#### [Recorded data]
=====
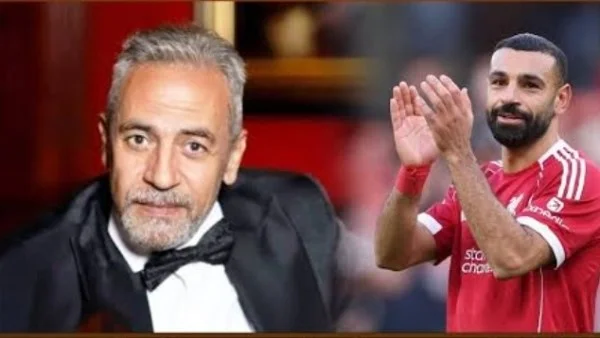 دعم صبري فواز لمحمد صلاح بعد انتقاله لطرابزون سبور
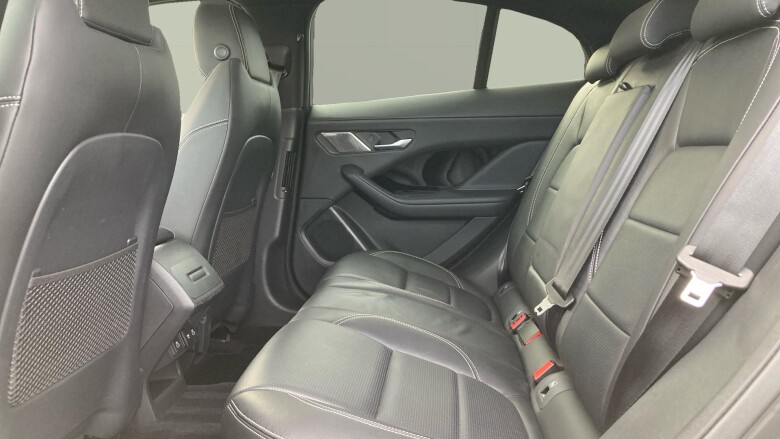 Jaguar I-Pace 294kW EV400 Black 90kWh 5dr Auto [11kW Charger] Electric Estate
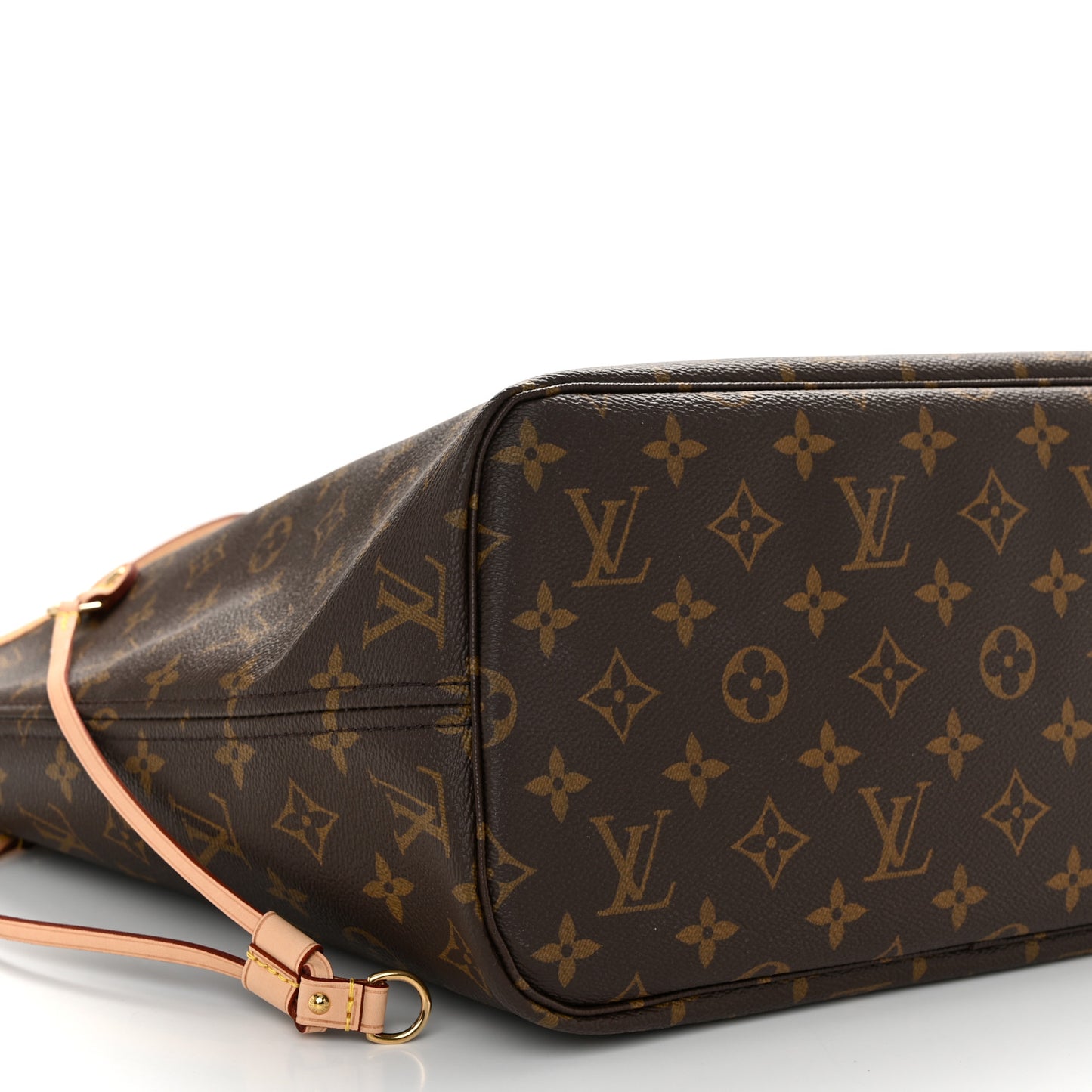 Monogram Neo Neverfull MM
=====
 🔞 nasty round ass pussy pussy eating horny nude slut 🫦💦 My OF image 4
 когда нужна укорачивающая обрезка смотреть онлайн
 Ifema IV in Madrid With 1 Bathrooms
=====
#### [Task to carry out]
In the entries above, find the line that contains "دعم صبري فواز" and the line that contains "Monogram Neo Neverfull MM". Reproduce exactly those two lines and every line between them, but not the pictures.

#### [Exercise answer]
 دعم صبري فواز لمحمد صلاح بعد انتقاله لطرابزون سبور
 Jaguar I-Pace 294kW EV400 Black 90kWh 5dr Auto [11kW Charger] Electric Estate
 Monogram Neo Neverfull MM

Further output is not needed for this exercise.